Their forwards flee the zone regularly as a systemic feature of what they do. They also don’t necessarily help that undermanned defense by playing a heavy down-low game on the walls with sustained o-zone time that can relieve some of the pressure. They do a lot of damage off the transition game and off of fast cycles that break teams down quickly. They don’t do a lot of the heavy down-low cycling that grinds down teams by winning the time of possession battle and wearing them down through attrition. When you’re doing more of that, you’re forcing the other team to dump and change and your defense’s life is a lot easier breezing out of their own zone.

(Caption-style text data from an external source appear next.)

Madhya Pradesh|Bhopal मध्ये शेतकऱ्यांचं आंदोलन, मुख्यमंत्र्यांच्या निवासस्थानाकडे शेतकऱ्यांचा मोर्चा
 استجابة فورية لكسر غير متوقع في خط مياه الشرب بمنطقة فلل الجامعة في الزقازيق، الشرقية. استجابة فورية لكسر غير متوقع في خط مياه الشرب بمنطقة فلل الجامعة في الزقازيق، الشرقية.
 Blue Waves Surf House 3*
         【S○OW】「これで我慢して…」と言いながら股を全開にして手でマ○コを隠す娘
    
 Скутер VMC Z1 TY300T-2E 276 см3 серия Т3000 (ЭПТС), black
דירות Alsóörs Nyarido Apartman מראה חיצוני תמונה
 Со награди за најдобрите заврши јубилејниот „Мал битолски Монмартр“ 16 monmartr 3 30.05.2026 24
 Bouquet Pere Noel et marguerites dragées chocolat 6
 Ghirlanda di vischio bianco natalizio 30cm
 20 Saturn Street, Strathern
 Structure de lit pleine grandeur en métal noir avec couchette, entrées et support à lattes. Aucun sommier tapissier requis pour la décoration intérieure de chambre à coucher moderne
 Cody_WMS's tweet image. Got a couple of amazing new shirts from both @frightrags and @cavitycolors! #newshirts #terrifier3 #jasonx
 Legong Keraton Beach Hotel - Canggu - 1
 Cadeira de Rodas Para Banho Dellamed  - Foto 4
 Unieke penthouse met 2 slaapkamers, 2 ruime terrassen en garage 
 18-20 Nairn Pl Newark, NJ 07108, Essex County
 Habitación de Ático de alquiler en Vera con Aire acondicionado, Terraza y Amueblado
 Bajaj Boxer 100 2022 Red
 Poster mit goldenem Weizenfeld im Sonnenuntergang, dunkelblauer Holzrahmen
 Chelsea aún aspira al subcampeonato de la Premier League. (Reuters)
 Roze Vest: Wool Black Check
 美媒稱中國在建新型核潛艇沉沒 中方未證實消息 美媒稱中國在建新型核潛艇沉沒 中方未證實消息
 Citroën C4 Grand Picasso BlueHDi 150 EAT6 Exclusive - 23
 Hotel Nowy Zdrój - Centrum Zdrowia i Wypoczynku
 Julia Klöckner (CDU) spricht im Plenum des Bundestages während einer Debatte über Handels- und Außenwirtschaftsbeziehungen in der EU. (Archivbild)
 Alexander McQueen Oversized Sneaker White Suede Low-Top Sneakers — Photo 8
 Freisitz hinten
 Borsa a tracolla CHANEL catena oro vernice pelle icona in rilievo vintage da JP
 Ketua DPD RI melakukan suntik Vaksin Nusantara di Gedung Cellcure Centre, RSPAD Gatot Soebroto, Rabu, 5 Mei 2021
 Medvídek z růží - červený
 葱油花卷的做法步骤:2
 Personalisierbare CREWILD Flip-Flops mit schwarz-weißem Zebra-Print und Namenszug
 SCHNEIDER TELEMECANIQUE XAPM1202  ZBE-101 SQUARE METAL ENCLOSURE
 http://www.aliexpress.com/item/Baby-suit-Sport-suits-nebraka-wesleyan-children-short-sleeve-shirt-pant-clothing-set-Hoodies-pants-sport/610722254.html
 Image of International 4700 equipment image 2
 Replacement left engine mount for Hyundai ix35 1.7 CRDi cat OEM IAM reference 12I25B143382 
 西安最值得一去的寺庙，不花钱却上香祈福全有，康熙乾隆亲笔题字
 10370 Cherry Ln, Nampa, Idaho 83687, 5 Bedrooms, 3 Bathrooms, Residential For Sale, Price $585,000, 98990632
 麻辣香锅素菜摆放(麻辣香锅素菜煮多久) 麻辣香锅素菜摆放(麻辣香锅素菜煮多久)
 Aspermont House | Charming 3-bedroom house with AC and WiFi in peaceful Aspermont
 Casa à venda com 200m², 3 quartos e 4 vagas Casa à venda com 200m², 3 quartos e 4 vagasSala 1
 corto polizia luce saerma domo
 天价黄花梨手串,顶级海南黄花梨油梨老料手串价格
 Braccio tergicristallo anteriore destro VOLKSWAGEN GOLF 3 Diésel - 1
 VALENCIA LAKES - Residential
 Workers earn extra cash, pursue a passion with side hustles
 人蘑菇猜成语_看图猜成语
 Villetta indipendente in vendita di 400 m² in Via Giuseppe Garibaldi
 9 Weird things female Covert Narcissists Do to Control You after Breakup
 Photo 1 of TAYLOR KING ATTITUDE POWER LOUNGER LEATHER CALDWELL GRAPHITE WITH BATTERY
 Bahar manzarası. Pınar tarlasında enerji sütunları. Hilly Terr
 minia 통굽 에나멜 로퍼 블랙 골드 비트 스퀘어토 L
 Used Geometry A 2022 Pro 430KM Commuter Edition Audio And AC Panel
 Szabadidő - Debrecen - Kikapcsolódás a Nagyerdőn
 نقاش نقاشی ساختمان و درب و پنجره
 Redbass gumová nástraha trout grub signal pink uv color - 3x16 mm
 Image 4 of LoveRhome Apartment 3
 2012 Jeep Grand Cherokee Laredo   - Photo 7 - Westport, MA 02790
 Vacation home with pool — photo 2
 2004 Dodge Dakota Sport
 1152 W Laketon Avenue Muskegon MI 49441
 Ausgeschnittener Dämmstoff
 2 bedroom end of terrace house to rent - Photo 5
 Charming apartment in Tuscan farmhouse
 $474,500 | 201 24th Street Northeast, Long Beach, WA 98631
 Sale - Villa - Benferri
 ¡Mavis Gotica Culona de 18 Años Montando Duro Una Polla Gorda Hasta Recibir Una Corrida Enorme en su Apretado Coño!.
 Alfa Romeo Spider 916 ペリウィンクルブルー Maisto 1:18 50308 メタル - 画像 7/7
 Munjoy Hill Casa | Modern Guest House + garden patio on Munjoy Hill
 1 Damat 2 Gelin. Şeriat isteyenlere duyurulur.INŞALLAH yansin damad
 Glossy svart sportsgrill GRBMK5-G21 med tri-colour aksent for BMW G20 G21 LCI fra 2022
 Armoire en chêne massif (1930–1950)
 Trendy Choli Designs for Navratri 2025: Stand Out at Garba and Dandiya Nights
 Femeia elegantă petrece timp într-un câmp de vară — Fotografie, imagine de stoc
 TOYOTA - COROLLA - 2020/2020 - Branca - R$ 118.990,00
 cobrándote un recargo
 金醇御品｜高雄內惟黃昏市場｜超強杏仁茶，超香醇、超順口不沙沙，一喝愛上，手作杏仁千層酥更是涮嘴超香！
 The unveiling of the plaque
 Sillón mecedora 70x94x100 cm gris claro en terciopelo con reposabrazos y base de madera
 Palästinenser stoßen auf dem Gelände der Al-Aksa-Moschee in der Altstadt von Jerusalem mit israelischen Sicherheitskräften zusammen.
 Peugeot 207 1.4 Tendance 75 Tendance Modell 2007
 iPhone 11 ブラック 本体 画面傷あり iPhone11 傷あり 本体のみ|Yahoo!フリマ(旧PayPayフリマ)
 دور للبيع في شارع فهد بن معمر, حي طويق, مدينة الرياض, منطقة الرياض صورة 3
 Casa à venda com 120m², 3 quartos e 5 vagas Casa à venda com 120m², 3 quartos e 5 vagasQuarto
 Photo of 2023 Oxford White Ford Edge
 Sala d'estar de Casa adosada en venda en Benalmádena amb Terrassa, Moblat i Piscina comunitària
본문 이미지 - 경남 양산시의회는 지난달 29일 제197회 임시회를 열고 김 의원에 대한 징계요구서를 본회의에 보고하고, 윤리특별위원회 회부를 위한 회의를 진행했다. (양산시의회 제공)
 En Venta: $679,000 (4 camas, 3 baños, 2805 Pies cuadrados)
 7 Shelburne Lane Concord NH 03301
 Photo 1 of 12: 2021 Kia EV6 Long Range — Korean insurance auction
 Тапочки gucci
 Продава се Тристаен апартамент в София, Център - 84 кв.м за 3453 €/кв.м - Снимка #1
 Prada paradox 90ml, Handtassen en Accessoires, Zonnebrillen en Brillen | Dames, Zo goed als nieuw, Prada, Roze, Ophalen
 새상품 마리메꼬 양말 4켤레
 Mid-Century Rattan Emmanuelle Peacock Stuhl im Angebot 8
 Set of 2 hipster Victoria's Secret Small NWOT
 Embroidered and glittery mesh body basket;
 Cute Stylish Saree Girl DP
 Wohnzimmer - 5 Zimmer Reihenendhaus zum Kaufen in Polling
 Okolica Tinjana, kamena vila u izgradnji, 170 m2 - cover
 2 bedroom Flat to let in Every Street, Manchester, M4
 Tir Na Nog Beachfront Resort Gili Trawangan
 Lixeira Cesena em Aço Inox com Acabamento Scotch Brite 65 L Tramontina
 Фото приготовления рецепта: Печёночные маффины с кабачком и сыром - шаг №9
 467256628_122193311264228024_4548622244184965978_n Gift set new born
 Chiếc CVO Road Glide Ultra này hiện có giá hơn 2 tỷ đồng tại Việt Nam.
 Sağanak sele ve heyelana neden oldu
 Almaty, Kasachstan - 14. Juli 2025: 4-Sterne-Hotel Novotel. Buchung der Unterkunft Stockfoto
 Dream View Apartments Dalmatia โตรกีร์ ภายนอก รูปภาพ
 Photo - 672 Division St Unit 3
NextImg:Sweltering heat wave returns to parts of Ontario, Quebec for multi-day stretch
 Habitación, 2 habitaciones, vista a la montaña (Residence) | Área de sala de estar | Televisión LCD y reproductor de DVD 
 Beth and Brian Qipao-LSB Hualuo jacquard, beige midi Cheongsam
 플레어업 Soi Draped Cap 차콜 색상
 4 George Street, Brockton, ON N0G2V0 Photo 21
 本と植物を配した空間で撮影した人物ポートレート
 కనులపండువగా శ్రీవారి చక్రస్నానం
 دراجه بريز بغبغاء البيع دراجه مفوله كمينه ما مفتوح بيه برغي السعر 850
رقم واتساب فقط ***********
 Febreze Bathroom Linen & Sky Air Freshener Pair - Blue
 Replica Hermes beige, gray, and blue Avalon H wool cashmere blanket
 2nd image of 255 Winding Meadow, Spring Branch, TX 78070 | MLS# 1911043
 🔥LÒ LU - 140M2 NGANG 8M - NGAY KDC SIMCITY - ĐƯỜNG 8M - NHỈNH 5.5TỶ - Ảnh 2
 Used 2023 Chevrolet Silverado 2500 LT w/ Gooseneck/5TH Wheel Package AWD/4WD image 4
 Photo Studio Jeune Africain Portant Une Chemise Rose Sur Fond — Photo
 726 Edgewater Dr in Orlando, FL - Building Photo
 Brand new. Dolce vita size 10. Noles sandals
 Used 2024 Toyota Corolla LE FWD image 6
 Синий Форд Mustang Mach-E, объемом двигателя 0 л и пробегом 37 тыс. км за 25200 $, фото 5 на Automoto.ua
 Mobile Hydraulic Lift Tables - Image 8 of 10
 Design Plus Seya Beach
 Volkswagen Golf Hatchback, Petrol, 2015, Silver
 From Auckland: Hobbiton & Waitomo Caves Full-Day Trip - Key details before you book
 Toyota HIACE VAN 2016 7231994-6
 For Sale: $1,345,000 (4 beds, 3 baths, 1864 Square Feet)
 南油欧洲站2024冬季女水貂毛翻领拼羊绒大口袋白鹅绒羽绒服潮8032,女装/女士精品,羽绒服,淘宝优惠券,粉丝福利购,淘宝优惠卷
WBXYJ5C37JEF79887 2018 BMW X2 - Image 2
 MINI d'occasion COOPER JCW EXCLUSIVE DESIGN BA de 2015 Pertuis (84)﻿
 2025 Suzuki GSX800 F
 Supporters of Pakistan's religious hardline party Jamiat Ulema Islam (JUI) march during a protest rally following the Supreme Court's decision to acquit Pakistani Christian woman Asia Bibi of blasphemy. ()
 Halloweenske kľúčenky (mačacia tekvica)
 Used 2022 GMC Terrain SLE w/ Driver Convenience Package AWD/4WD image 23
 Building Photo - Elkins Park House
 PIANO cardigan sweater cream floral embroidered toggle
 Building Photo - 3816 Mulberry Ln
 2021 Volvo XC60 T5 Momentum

It’s a bit of a house of cards when they’re out of sorts and missing some key puck movers on the backend. Add in that the goaltending has slipped a little the past few weeks, and that the Leafs forwards have kind of slipped at various times as far as their commitment to playing right and being on the right side of the puck defensively and taking care of details… that stuff starts to happen when you’re chasing games and you are stuck in a slump.
The other element is that the Leafs just weren’t playing desperate enough hockey there for a few weeks. They didn’t come out with much energy or urgency. Teams were coming out, many of them fighting for the playoff lives, and just looked way hungrier than them.
There is also a schedule element with the crammed schedule and the injuries and the flu bug that was working its way through the room. Add it all up and you have a recipe for a pretty poor stretch of results. But they’ve got a pretty easy run of opponents coming up that could help get them feeling good about themselves again here. It sounds like Dermott is getting closer; Gardiner is less clear. There’s still no reason to panic, but there is the sense that unless something changes in these next eight or nine games, they’re going to walk into a buzzsaw against Boston and it may not even take seven games for them to lose this time.
On what happens if the Leafs lose to Boston again
Brownscombe: I think Dubas expects the Leafs to win and thinks he’s put the team on the ice that is capable of beating that Boston team. I don’t think Dubas is going to overreact if they don’t. I think Dubas is keenly aware of the Washington example, the number of years it has taken a team like Tampa to break through… the amount of iterating and the amount of experience it often requires to get it done at playoff time. I highly, highly doubt it’s the end of Babcock, but I’d say he obviously enters next season in a less secure position, as any coach would after a first round exit following a top-five or so year in the regular season.
It also depends partially on how they lose — does the coach show the kind of uncreative problem solving that sinks them? Does he get out-coached by Cassidy? Do they get devoured by the Boston top line again with the Rielly-Hainsey pairing on the ice all series? Does he mix it up and find the right forward line and d-pair that can stem that tide enough so the Leafs can win the series?
We’ll see. There is a lot left to be determined and it feels like there is a lot of premature controversy being stirred up based on a presumed outcome of that Boston series right now. The games are played for a reason.